India currently has a huge dependency on imported fuel and that has led to a significant rise in the fuel import bill over the years. Now, The Cabinet Committee on Economic Affairs (CCEA) has come out with a directive that has made it mandatory for all the oil-marketing companies (Bharat Petroleum, Hindustan Petroleum and Indian Oil Corporation) to blend 5% ethanol with petrol. This move is likely to reduce India’s dependence on foreign fossil fuel imports. Also, ethanol being cheaper than petrol the fuel prices also might come down. Although, the oil marketing companies have been blending ethanol with petrol for the past 2 years, there was no clear directive to this effect.
The Cabinet Committee on Economic Affairs (CCEA) is being headed by the Prime Minister, Mr. Manmohan Singh. The committee has also announced that with the ethanol blending mandatory, pricing of ethanol will be market based. The Petroleum Ministry will come out with a notification soon inviting tenders or price discovery and procurement of ethanol. Earlier, the oil companies used to procure ethanol at the provisional procurement price of Rs 27 per litre which was fixed by the Cabinet Committee on Economic Affairs (CCEA) in August 2010. This announcement has opened a new market for the sugar industries, whose main by-product is ethanol.

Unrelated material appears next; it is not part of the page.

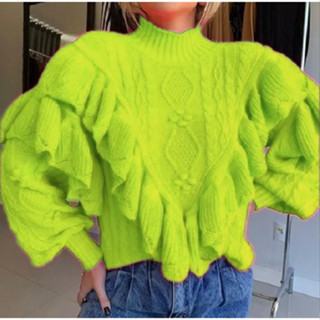 Blusa Feminina Tricot Tricô Manga Longa Babado Sueter Gola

On the downside though, till now the biggest consumer of ethanol has been the chemical industries. The department of chemicals has been opposing the EBP (Ethanol Blending Programme) programme for a long time stating that that it would hurt the chemicals industry by diverting its share of ethanol to the oil companies. According to estimates, the EBP programme will require 105 crore litres of ethanol annually. The committee has also announced that although, India produces enough volumes of ethanol (220 crore litres in 2010-11), if need be, the oil companies can import ethanol for blending purposes.